**Work required:** Search the records for the word "pour". Copy every line where it appears.

*** Opening of Information shown ***

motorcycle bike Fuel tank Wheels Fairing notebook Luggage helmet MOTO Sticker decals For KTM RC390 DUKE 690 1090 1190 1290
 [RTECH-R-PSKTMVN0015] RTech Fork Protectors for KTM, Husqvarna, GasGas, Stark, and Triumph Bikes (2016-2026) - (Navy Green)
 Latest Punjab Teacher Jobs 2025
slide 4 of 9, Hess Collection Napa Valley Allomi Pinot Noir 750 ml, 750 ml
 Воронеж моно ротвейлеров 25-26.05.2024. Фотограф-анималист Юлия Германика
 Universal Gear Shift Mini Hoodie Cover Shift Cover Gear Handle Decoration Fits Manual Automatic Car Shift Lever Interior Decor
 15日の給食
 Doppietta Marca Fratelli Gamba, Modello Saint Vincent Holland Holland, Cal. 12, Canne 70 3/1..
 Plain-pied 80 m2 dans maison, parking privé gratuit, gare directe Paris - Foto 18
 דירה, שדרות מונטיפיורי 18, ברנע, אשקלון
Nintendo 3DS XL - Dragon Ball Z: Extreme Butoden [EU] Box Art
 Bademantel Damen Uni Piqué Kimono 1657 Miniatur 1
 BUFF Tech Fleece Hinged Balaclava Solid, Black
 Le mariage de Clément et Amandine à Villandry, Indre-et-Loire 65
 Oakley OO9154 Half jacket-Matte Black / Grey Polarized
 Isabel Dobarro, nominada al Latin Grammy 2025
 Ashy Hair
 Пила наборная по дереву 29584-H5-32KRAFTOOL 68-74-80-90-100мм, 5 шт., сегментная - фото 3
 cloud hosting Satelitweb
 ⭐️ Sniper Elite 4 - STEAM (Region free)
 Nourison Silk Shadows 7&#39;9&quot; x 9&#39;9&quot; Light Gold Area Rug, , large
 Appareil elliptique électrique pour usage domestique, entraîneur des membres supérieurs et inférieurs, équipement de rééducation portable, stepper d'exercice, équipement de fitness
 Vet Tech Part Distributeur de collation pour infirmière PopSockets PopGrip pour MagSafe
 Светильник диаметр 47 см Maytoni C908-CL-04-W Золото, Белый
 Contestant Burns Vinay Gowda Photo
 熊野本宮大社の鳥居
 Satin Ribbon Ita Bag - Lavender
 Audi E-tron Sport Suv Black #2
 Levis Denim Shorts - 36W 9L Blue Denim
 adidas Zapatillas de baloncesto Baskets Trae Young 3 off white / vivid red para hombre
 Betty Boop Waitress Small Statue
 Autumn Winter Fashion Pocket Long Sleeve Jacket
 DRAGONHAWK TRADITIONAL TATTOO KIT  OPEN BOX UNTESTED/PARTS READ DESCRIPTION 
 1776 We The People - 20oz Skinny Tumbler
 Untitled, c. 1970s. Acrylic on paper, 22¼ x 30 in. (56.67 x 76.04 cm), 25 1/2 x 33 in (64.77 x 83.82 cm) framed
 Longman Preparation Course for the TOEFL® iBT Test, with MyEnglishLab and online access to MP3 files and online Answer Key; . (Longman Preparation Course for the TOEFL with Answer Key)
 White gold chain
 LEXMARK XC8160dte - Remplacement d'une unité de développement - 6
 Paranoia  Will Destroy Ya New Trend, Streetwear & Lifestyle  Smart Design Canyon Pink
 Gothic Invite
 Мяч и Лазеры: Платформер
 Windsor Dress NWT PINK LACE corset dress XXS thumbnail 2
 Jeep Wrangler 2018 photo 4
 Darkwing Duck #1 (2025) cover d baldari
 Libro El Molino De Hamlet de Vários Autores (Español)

*** Close of Information shown ***

**Response area:**
 Appareil elliptique électrique pour usage domestique, entraîneur des membres supérieurs et inférieurs, équipement de rééducation portable, stepper d'exercice, équipement de fitness
 Vet Tech Part Distributeur de collation pour infirmière PopSockets PopGrip pour MagSafe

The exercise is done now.